After receiving complaints from teachers, Avossa said he conferred by phone with FEA president Joanne McCall. The FEA stepped in to oversee the county union’s tumultuous presidential election in 2014, one in which three separate elections yielded three separate outcomes, with Gundlach named the winner in the final runoff.
“I just don’t want them to go through what they went through last time,” Avossa said. “I want the teachers to feel confident that the process in place in fair.”
In a statement, an FEA spokesman said that McCall “has heard from members and others about the local election” but declined to comment on the CTA’s actions.
“FEA must remain an independent observer of the local elections, should we be called upon to decide on any further issues of contention that may arise,” FEA spokesman Mark Pudlow said. “FEA looks forward to a successful completion of the election process in Palm Beach County.”

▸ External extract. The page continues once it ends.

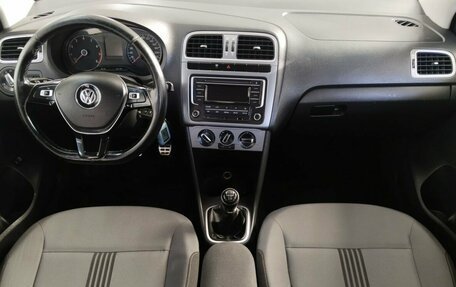 Volkswagen Polo VI (EU Market), 2017 год, 932 150 рублей, 14 фотография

Here is the entire email sent Thursday by the county union:
Dear CTA Members,
We have had to modify our Election Timelines (see attached) due to a number of serious campaign violations and concerns by candidates for PBCCTA President. We had one candidate whose eligibility for candidacy was in question. After going through the process of review by the PBCCTA Elections Committee, the PBCCTA Board of Directors, and the FEA Election and Credentials Committee, the PBCCTA Board of Directors determined that this candidate be allowed to participate in the election even though he had a break in membership while on leave. Three other candidates had campaign violations that resulted in an initial decision to remove them from the ballot. These candidates used the district email to campaign, which is in violation of our Election Guidelines, District Policy and Federal Law. After going through the process again of review by the PBCCTA Elections Committee, the PBCCTA Board of Directors, and the FEA Election and Credentials Committee it was determined that these candidates be allowed to participate in the election. The FEA Credentials and Election Committee indicated all three had campaign violations and should be reprimanded. However, in the spirit of unionism and inclusiveness, the PBCCTA Board of Directors voted to allow all candidates to participate in the election for the next PBCCTA President.

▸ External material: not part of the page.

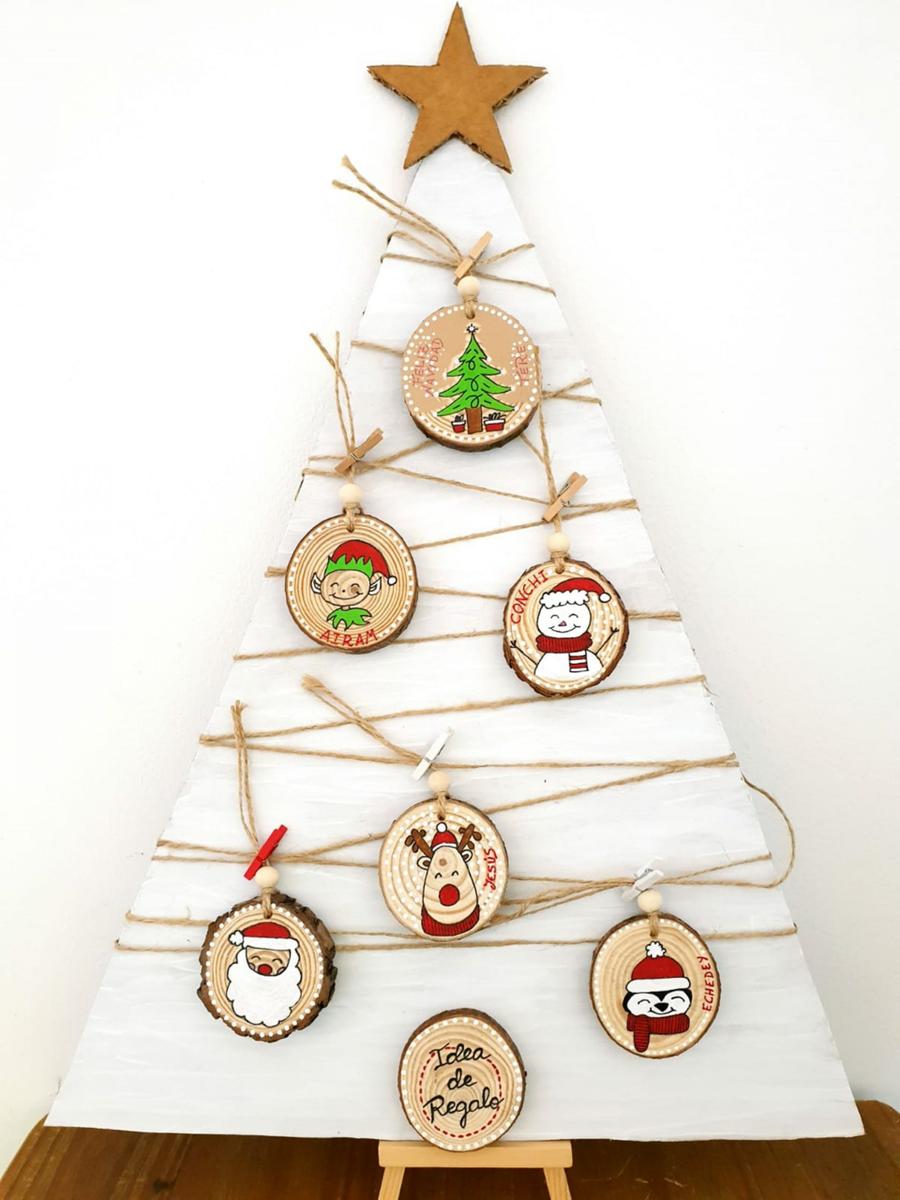 Árbol de Navidad con cartón reciclado y adornos de madera pintados a mano |  Manualidades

Also be aware of a survey that looks as if it came from PBCCTA, IT DID NOT. It is full of erroneous information and was not authorized by PBCCTA. PBCCTA is in good standing with the Florida Education Association. Previous PBCCTA administrations had fallen behind in their payments to FEA, and in fact since this administration has started we have paid back $50,000 of the balance due. We are in dialogue with FEA concerning this issue. Our financial statements are provided to the Board of Directors monthly and at the Representative Assembly monthly. If you should have any questions concerning our standing please do not hesitate to call CTA.
The Elections Committee has indicated the following presidential candidates DO NOT have any actionable election violations or breaks in membership within the last two years: Marty Ginsberg, Suzi Grbinich, Gordan Longhoffer, and David Lutrin.